On connaît de Koltès la trajectoire fulgurante : la rencontre avec Chéreau au début des années 1980, les pièces jouées à Nanterre-Amandiers, la reconnaissance publique et critique. On sait aussi combien cette œuvre a pu donner l’image de son temps. On sait moins combien cette vie aura surtout été ailleurs, qu’elle s’est jouée dans les confins de cités perdues, entre le delta du Niger, au cœur de la jungle du Guatemala et de ruines précolombiennes, ou près d’un lac Maya, sur les docks abandonnés de New York, et dans les nuits de Salvador de Bahia.
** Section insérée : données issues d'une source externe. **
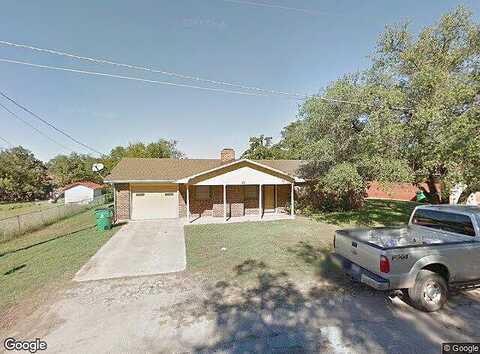 Ham, DE LEON, TX 76444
Suivre Koltès dans ses voyages, ce n’est pas chercher à retracer un itinéraire seulement, mais vouloir approcher les termes du pacte : ailleurs, il chercha les renversements où toujours se donner naissance ; ailleurs, il s’inventa des noms, marcha sur les traces de Rimbaud, de Dostoïevski ou de Faulkner ; ailleurs, il se mit en quête de frères et puisa des forces dans des figures de pur désir : James Dean, Bruce Lee, Bob Marley.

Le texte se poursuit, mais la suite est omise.